Back to Part 17
The Uses for Aerial Photography
During the retreat from Mons in 1914 the scale of the movement involved meant that there was no requirement for detailed large scale maps to support the BEF. The first demand for large scale detailed mapping came after the battle of the Aisne as the front line began to stabilise. At this time with no trained surveyors available the BEF had to make do with the inaccurate 1:80,000 French mapping enlarged and redrawn at the Ordnance Survey Office Southampton. These enlargements were completely unsatisfactory, reproducing and magnifying the errors on the original that introduced gross positional errors. What was needed was a new field survey of the BEF operational area. In November 1914 two trained surveyors arrived in France as part of the First Ranging Section RE’s. These two surveyors were tasked with completing a survey that would enable a more accurate map to be produced in as short a time as possible. Their field work started on the 25 January 1915 and by the 28 February all the field sheets were passed to the Ordnance Survey for reproduction. The resulting 1:20,000 scale map was a vast improvement on the previous 1:80,000 enlargement (Winterbotham, Survey on the Western Front. pp. 6-7.). Its comparative accuracy improved the targeting accuracy of the British artillery and led to demands for accurate mapping of the German held territory.
As mentioned previously, the responsibility for mapping the German-held territory rested with the GS Intelligence. However, the success of the Neuve Chapelle battle map ultimately led to the formation of Army Topographical Sections that became responsible for all map production in their Army’s area of interest. By the end of 1915 a newly created series of 1:10,000 base map sheets overprinted with the tactical detail of the German defensive positions had been produced.
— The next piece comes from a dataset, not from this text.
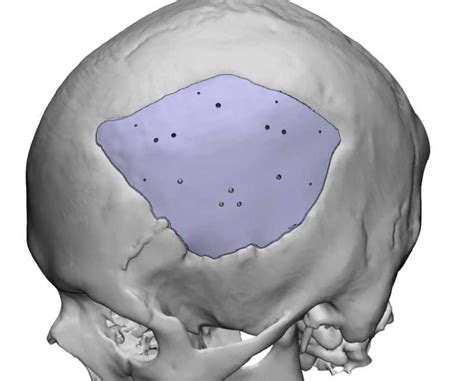 ArcomedLab Produced 700 3D Printed Cranial Implants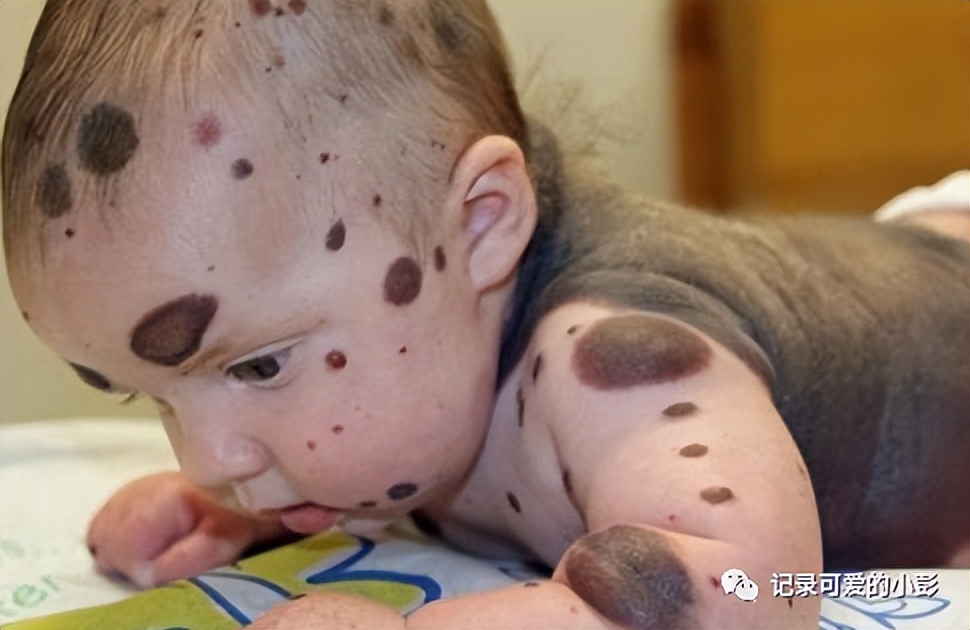 20岁少女产下混血女婴,20岁女子产下胎儿畸形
Aerial photography was the primary source used to derive both the topographical and intelligence detail displayed on the mapping.
|Figure 8. Extract from 1:10,000 scale trench map produced in 1916.|
Illustrated above (Figure 8) is a section of the standard British 1:10,000 scale trench map overprinted in red with the German defensive positions. From 1916 maps of this type would be found adorning the walls in HQ’s and Intelligence sections throughout the BEF. The BEF now had a coherent framework on which to build a COP. The real challenge was to maintain the pictures currency to ensure a high level of situational awareness at all levels of the BEF.